Sometimes, patients see the lanyards and express interest, but organizers of the initiative have encouraged physicians to ask them whether they are registered and if they have a plan to vote in the general election.

“There are a few scripts that we’ve provided to clinicians to help them get the conversation started and kind of ease their fears over getting into a political debate,” said Zonia Moore, 26, a second-year Penn medical student who is one of the program’s leaders.

She and fellow student Yoonhee Ha helped bring VotER, a nationwide effort started by a Massachusetts doctor, to Philadelphia. Working with other students and staff, Moore got it approved by Penn Medicine’s top executives.

VotER provides materials and guidance on how to implement the program at a local level.

The initiative has been wildly successful. So far, more than 1,000 Penn patients have used their phones to inquire about the registration process and about 2,700 have looked into applying for mail-in ballots.

That’s more than any other university health system using VotER, according to the program’s website. Medical centers in Pennsylvania have also engaged more patients about voting services — more than 8,700 — than any other state.

Staff have bought in, Moore said, and she and the other students have distributed about 1,500 badges to employees at Penn Medicine’s core hospitals, and voting pins have been sent to the system’s outlying medical centers.

Participants in the VotER initiative hold up their badges at Pennsylvania Hospital.PHOTO: Provided

Two of the most important issues in November’s presidential election are the response to the novel coronavirus pandemic and the future of the country’s healthcare system, so it makes sense to check in with patients about voting, Moore said.

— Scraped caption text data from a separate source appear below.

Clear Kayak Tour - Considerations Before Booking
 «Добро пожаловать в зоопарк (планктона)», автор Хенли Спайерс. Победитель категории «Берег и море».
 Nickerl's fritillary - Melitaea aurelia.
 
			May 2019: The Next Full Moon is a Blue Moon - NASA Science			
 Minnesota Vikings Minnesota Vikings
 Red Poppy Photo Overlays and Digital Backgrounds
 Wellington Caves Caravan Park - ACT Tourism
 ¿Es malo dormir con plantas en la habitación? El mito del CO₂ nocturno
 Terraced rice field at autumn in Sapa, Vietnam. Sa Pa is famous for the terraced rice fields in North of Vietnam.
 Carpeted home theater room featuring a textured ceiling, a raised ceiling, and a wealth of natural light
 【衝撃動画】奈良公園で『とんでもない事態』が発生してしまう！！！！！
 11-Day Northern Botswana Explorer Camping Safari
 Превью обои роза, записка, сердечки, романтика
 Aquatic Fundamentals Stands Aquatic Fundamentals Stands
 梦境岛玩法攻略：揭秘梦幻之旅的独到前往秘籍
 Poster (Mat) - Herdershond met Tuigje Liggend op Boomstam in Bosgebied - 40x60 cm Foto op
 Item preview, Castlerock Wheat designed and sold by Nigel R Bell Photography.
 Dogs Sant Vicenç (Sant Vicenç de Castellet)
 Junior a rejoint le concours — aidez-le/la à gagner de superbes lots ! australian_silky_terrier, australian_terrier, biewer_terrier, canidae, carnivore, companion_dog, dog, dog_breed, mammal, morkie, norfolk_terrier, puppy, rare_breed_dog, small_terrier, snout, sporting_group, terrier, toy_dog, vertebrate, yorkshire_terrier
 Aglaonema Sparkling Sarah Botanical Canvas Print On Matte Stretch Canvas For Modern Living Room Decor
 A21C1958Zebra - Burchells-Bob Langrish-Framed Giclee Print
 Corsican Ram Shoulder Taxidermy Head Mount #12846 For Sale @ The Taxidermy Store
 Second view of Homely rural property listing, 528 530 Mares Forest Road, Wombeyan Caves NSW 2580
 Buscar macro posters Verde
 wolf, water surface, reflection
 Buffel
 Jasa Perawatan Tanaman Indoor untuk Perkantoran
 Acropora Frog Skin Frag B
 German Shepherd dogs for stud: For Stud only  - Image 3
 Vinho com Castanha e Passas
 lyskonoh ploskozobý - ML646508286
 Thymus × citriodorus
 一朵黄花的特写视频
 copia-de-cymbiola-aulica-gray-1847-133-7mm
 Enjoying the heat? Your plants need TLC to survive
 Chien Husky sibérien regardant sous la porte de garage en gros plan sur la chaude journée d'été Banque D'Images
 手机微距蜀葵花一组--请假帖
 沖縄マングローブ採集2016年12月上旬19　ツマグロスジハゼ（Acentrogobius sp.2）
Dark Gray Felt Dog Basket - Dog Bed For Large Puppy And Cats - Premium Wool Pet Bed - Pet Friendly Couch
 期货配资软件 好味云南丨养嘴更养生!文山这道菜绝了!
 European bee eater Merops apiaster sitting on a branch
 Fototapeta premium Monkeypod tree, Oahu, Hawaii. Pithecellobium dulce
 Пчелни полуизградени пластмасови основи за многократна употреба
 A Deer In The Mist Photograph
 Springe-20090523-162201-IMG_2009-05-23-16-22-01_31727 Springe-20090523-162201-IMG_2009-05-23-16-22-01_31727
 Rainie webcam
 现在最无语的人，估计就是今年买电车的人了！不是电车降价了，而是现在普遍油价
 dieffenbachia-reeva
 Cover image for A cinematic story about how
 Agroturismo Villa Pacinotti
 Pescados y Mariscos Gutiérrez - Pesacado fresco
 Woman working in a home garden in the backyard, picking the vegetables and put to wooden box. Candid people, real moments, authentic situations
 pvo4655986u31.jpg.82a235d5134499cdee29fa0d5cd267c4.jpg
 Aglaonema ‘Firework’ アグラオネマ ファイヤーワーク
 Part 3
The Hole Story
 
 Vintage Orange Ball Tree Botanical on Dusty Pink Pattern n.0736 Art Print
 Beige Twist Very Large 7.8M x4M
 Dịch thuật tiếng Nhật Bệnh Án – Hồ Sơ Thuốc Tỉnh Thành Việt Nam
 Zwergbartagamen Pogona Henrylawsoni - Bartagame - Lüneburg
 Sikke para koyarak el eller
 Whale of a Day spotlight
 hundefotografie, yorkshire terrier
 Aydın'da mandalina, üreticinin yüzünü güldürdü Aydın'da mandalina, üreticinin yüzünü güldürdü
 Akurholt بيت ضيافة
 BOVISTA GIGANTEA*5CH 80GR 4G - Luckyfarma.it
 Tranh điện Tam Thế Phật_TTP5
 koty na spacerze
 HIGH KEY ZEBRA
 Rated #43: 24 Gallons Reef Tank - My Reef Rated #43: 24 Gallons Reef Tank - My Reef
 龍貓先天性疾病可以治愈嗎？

“By bringing civic engagement into the healthcare system, they make that link, and they start to look more at what their politicians’ views are towards health care and the health system as opposed to voting on more social issues or fiscal issues,” she said.

VotER is nonpartisan, and it has to be, because federal guidelines prohibit nonprofit health networks from backing a particular candidate or campaign.

Moore said patients are “a bit surprised” when doctors or nurses question them about voting, but the vast majority welcome the chance to get involved.

“I’ve never had patients be so universally appreciative of something than they are of this opportunity,” said Judd Flesch, a doctor and medical school faculty member.

Flesch, who has been supporting the VotER program, co-founded a separate project in 2016 to help patients vote from their hospital beds.

The deadline to request mail-in ballots is a week before Election Day, but people in extreme circumstances can apply for an emergency absentee ballot.

“Essentially, you planned on going to the polls and then something happened to you within the last week before the election that will make it impossible or really difficult for you to get to the polls safely,” Flesch said.

Patients fill out an application, and volunteers run it to City Hall to get the ballot. Then, they bring it back to the hospital for the patients to fill it out, and the volunteer returns it along with a form authorizing third-party delivery.

Due to COVID-19 restrictions, Penn Medicine didn’t conduct the program during the June primary, but Flesch said they are in the final planning stages to administer it next month.

“We really believe that we should be thinking of patients as people, not just diseases,” he said.

Moore, who grew up in the Pittsburgh area, said the importance of voting was instilled in her by her father, who brought her as a child to the polls on Election Day.

She wants to be a health professional who deals not just with medical emergencies, but also with other urgent needs, such as housing and food insecurities.

Being part of the VotER project is a step in that direction.

“With all this going on in the world, I wanted to find some of my own agency in affecting that process,” Moore said.